The Metrics.Net project https://github.com/etishor/Metrics.NET makes it pretty simple to gather these metrics and is based on a Java port of Metrics. Metrics.Net also provides an easy interface for create health monitoring endpoints and I’ll cover that in a future post.

To get started, just install the Metrics.Net NuGet package in the usual way. There is a base install which provides the core functionality, and there are additional extensions to this which provide tight integration with OWIN and NancyFx.

Install-Package Metrics.Net

Once you’ve installed the base packages you can configure it in your app startup. I’ll demonstrate the functionality through a console app (it works in pretty much any .net project type). In my main method I will add the following block of code. This will configure Metrics.Net and also expose an HTTP endpoint at “/metrics” where the metrics can be viewed through a web browser. The “WithAllCounters” call will also enable the capture of metrics around .NET resource usage.

Metric.Config
.WithHttpEndpoint("http://localhost:1234/metrics/")
.WithAllCounters();

The next thing to do is to add some readonly properties to any classes you wish to instrument. For example if you have a transaction processing class, or an MVC Controller you can add metrics to count the number of calls being made, or the number of active connections to a SignalR Hub.

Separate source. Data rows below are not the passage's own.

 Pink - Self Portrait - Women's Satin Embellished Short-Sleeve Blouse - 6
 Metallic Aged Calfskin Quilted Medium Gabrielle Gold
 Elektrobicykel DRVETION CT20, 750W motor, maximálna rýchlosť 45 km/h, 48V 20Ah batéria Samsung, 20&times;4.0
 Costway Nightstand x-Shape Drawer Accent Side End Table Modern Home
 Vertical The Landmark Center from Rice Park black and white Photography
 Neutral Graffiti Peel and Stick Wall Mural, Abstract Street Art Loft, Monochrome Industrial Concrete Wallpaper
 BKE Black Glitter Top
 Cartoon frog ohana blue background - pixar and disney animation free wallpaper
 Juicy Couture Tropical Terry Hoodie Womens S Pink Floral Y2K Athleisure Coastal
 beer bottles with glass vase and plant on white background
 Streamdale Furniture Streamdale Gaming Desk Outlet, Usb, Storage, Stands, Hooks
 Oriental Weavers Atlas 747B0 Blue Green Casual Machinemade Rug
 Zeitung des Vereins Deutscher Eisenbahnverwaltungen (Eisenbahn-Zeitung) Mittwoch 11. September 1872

private readonly Timer timer = Metric.Timer(“Requests”, Unit.Requests);
private readonly Counter counter = Metric.Counter(“ConcurrentRequests”, Unit.Requests);

Now that everything’s set up, it’s just a matter of calling the appropriate method on the fields. In this case I’m incrementing and decrementing a counter so I can get a count of “in progress” calls, as well as using the timer field to gather metrics on how long a particular task is taking to call. Metrics.Net will then aggregate, slice and dice the data into useful statistics.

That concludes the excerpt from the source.